* [REQUIRED WORK]:
In the data below, find the line with "Kaiser Möbel Ecksofa" and the line with "tectake Loungeset Rattan", then restate both and every line between them exactly, minus the pictures.

* [MATERIAL TO PROCESS]:
+ + + + + + +

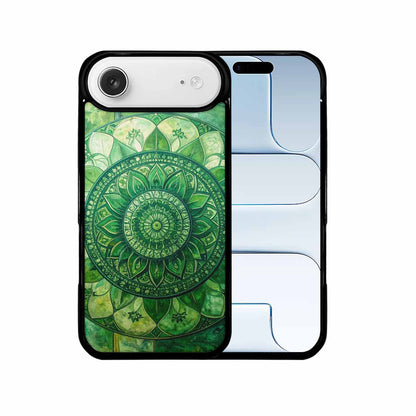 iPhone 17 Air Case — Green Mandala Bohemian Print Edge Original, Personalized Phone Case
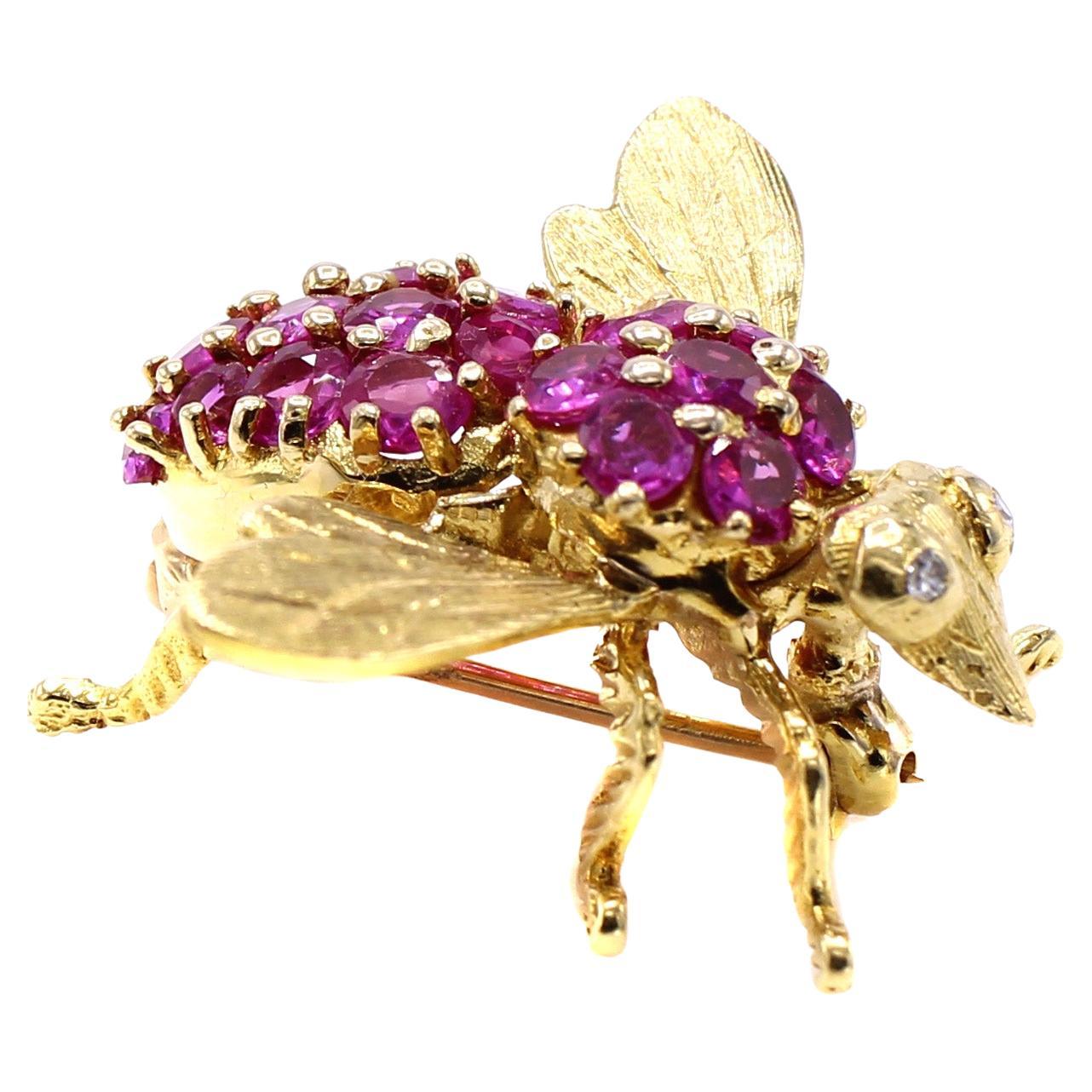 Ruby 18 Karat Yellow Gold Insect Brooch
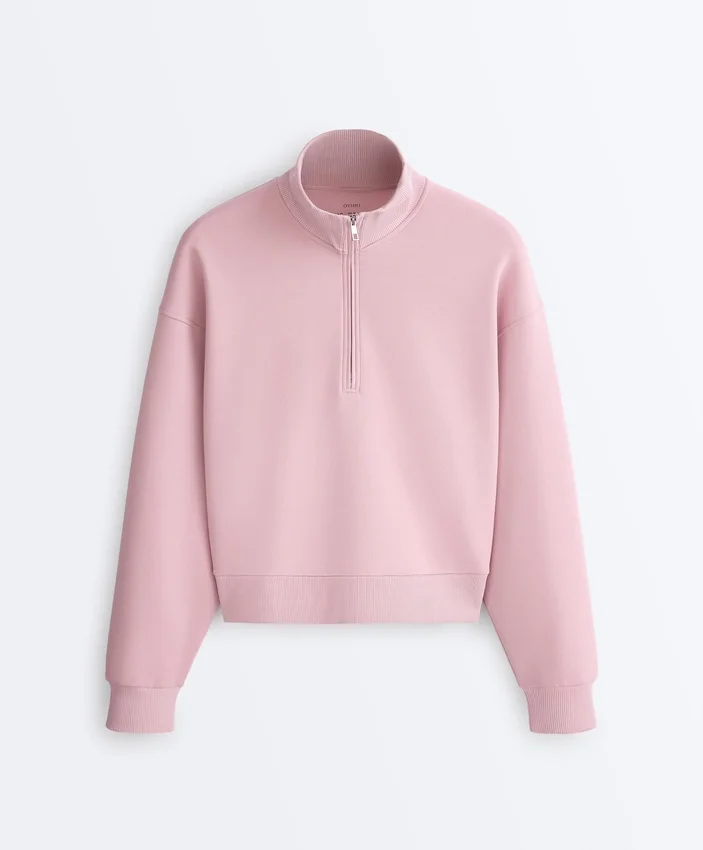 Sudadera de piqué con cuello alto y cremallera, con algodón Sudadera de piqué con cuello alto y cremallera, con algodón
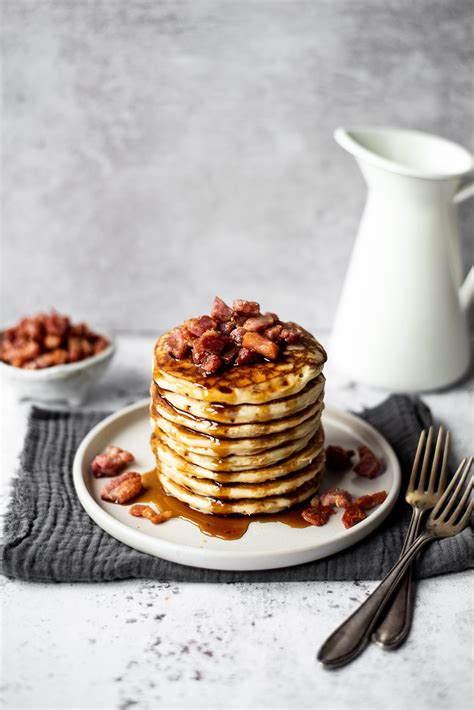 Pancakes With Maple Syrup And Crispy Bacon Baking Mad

+ + + + + + +

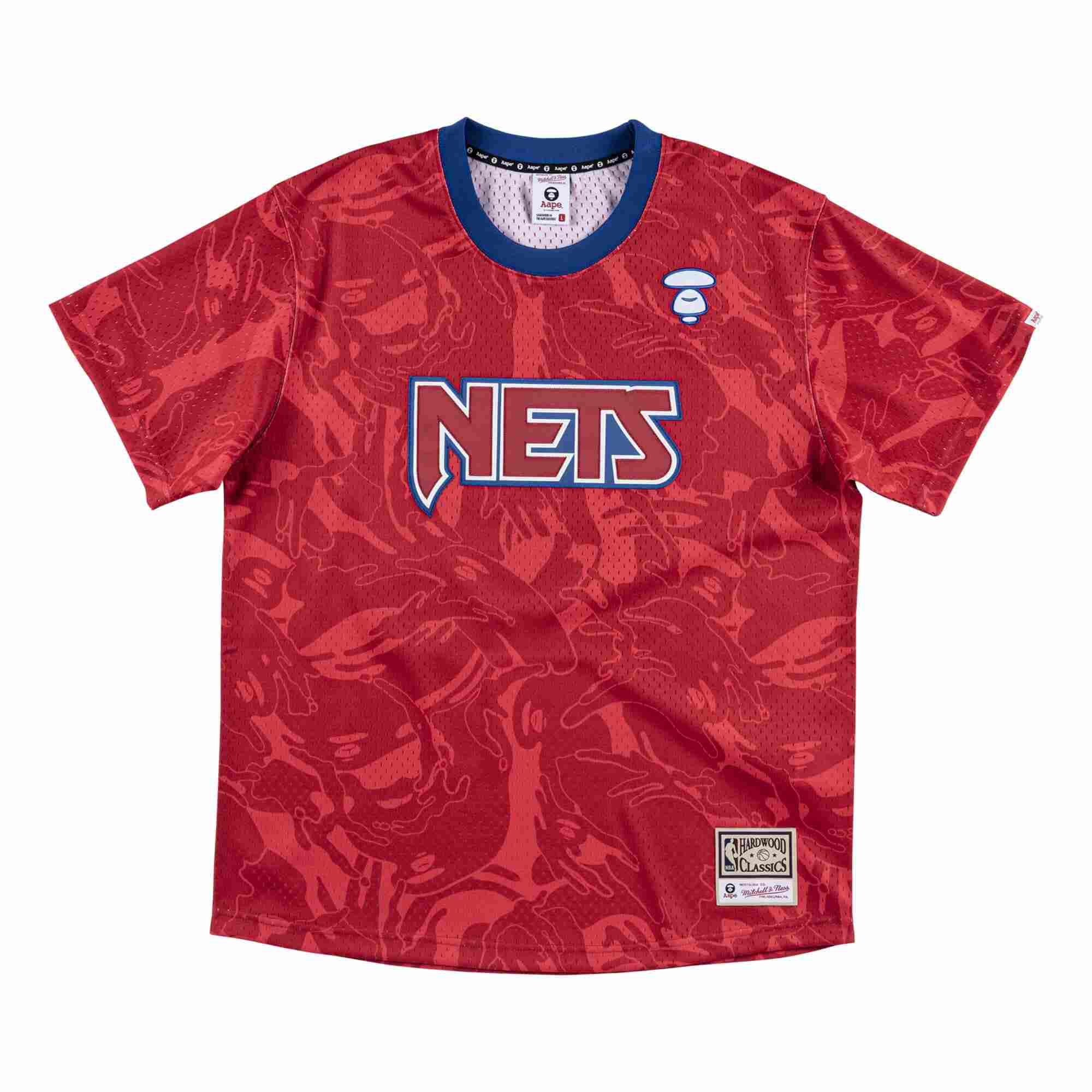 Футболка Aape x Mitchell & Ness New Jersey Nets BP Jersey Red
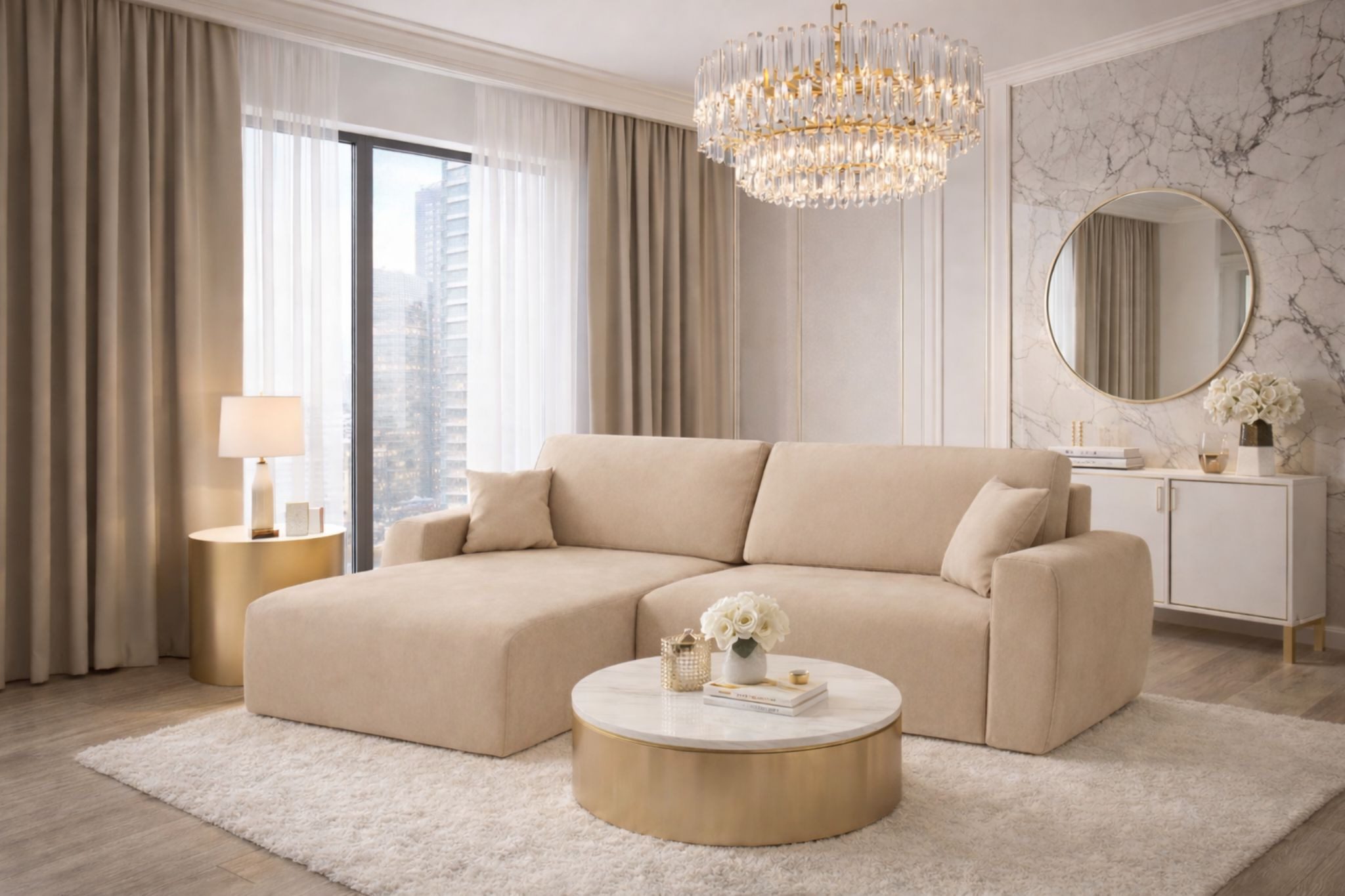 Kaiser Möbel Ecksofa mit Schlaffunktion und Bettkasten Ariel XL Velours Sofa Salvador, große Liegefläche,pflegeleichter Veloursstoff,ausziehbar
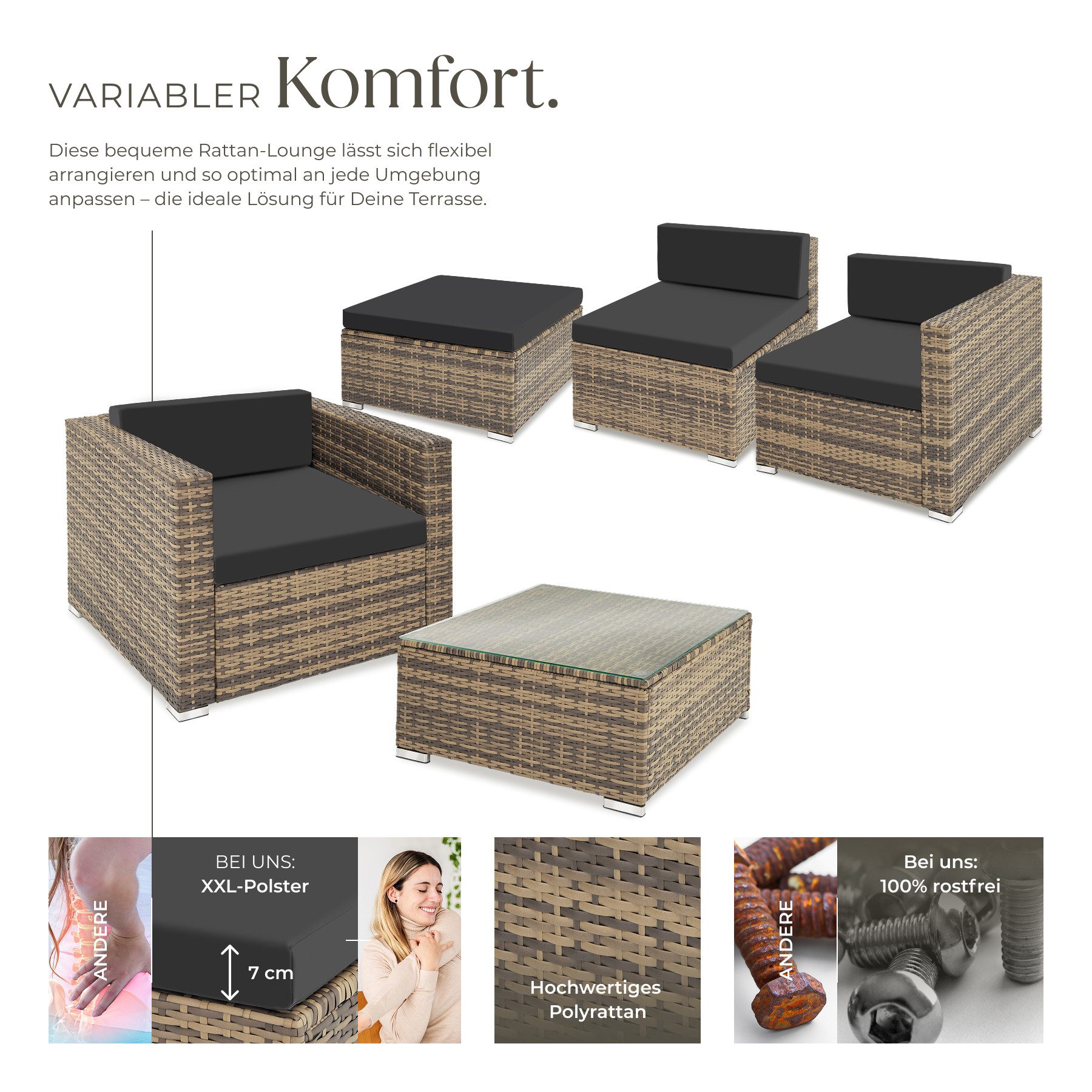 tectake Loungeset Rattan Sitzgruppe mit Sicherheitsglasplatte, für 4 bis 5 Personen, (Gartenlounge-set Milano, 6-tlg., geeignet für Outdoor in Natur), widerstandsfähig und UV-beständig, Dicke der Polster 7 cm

+ + + + + + +

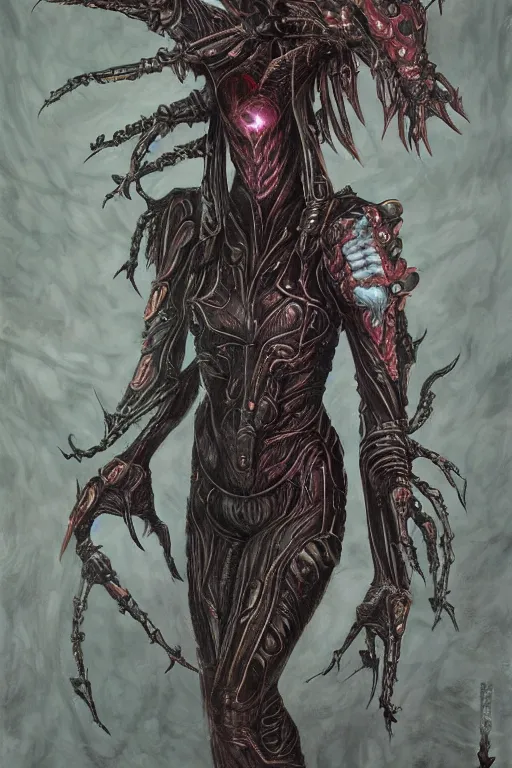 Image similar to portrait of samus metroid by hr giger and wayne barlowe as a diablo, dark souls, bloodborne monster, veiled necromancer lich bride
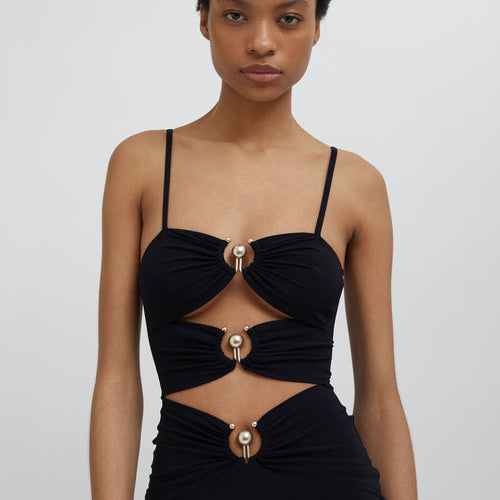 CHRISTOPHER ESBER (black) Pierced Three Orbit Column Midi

+ + + + + + +

* [EXERCISE ANSWER]:
 Kaiser Möbel Ecksofa mit Schlaffunktion und Bettkasten Ariel XL Velours Sofa Salvador, große Liegefläche,pflegeleichter Veloursstoff,ausziehbar
 tectake Loungeset Rattan Sitzgruppe mit Sicherheitsglasplatte, für 4 bis 5 Personen, (Gartenlounge-set Milano, 6-tlg., geeignet für Outdoor in Natur), widerstandsfähig und UV-beständig, Dicke der Polster 7 cm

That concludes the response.